• **Problem requirements**: Leave out the pictures, and copy exactly the lines from the line with "Rock Revival Bootcut Jeans" through the last line of the data below.

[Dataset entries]
-=-=-=-=-

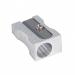 5 Star Office Sharpener Metal One Hole Maximum Diameter 8mm (Pack of 24) FS939964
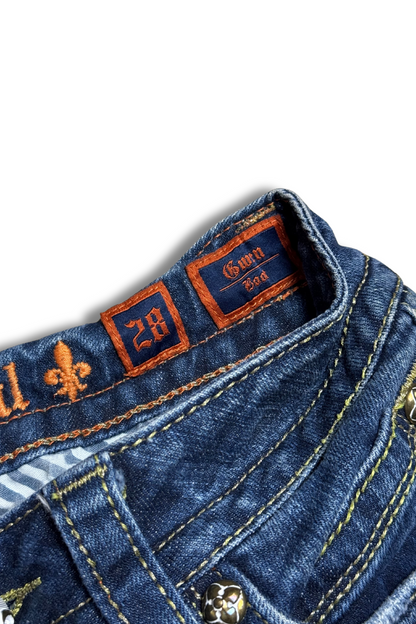 Rock Revival Bootcut Jeans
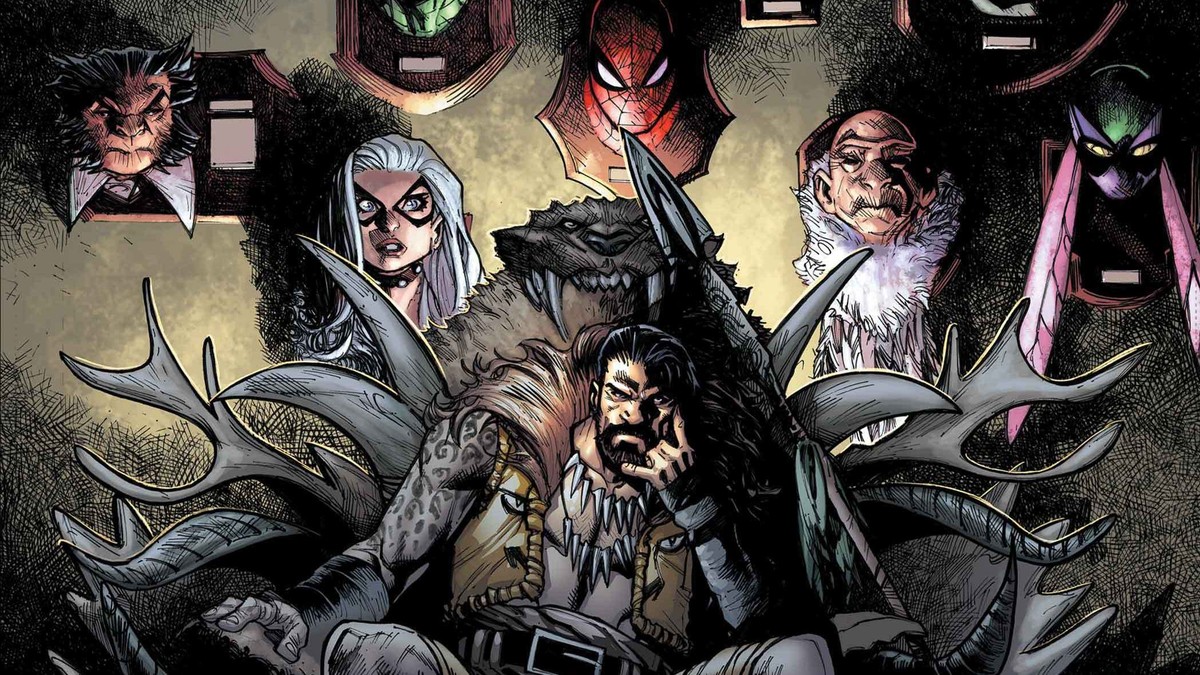 Kraven the Hunter: Why Can't Some Supervillains Just Be Villains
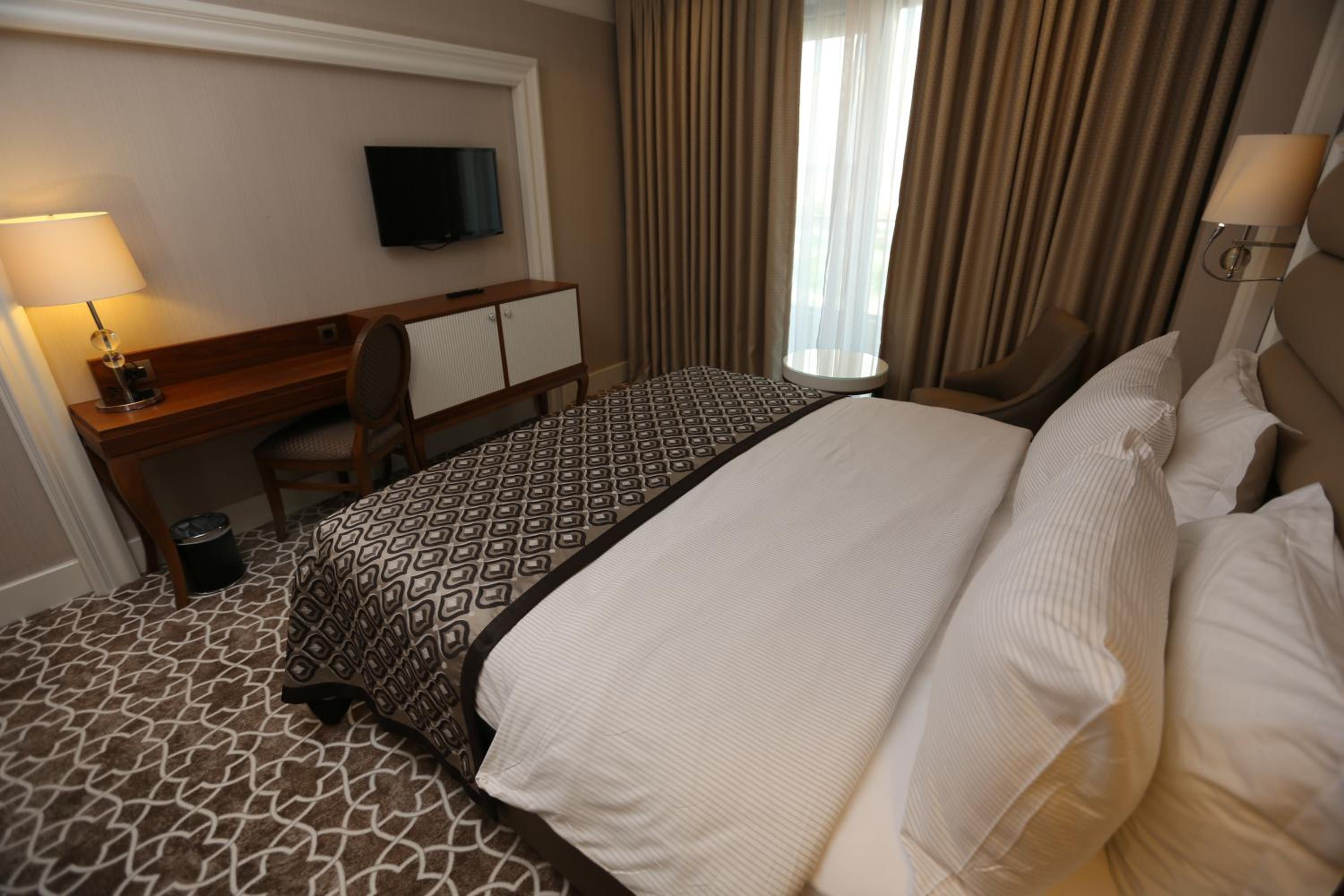 Small Double Room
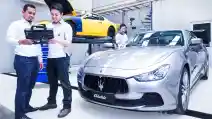  Diskon Service dan Spareparts Untuk Pemilik Maserati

-=-=-=-=-

• **Solution to the problem**:
 Rock Revival Bootcut Jeans
 Kraven the Hunter: Why Can't Some Supervillains Just Be Villains
 Small Double Room
  Diskon Service dan Spareparts Untuk Pemilik Maserati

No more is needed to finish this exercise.